Tuesday, September 8, 2009

An Olfactory Paradise

Coriander, Mint, Cumin, Figs, Cardamom … My nose is assaulted by a rich and delicious concoction of scents as I approach the Saint Michel market. Packed around Bordeaux’s highest monument, the 114m free-standing cathedral tower, Saturday morning is a hive of activity as Bordeaux residents descend to do their weekly shopping. The first thing my nose recognises is the coriander. Stalls piled high with fresh herbs – coriander, parsley, mint (I assume for tea), and various other culinary delights that my eye is not familiar with line the first row of the market. If I didn’t need to fill my basket with tempting produce I could quite happily sit and inhale the sweet scent for an hour or more.

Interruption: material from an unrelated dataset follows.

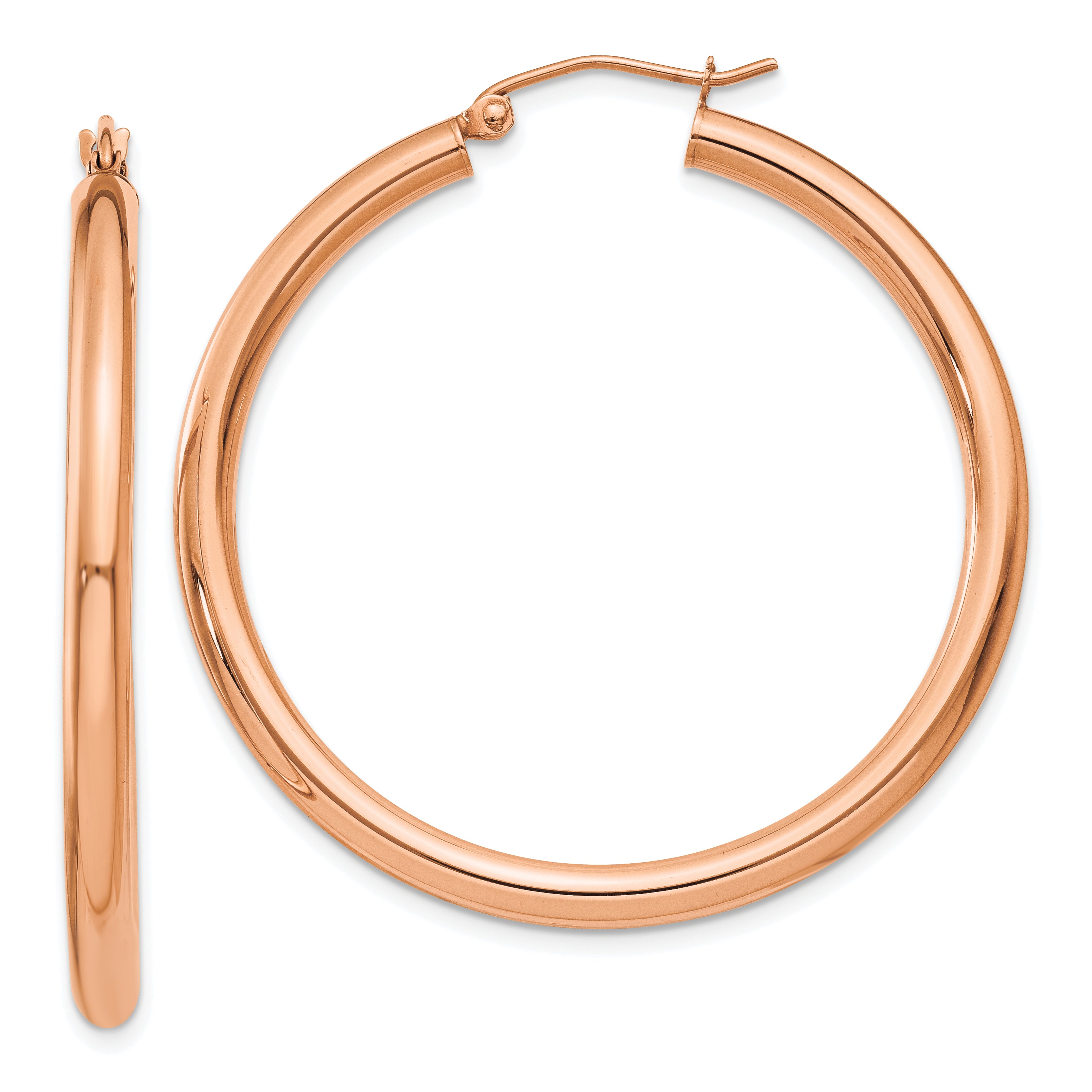 14k Rose Gold Polished 3mm Lightweight Tube Hoop Earrings Main image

Within minutes however, I am drawn to the visual feast of the spice stall. There must be at least 50 different spices sitting on the table, each in a small calico sack, as they have no doubt been sold for hundreds of years. They are sold by the gram, each purchase carefully scooped into a bag and weighed. My saliva glands are working overtime just imagining the array of different dishes they will end up in. As exotic cooking is not high on the priority list (why would it be when there are so many deli items available to taste?) I settle for a cake of soap from Provence, choosing the red vine for its deep red colour and visible seeds embedded in it, but mainly for the mysterious perfume.

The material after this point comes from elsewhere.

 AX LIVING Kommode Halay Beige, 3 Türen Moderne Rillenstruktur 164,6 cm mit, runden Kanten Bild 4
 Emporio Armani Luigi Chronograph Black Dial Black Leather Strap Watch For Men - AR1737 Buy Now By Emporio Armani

Moving through the brilliant reds and oranges that signal the stone fruits of summer, my basket is gradually filled with kilograms of peaches, nectarines, pears, shiny summer vegetables, salad ingredients (including beef-heart tomatoes – deformed but delicious), eggs and figs. While it is tempting to try the curious, spotted barbarie figs – not a fig at all, but the fruit of the Prickly Pear, a noxious weed that grows rampantly along the train line between Ballarat and Melbourne – they will have to wait until next week as I can’t resist the real figs, plump and oozing sunshine. Back in our apartment, the figs don’t see the end of the day as it would be a crime not to devour them without restraint.
It is now Wednesday and our tiny fridge is no longer bursting at the seams, but by Friday things will be looking lean and the whole family will be once again looking forward to our Saturday morning market ritual.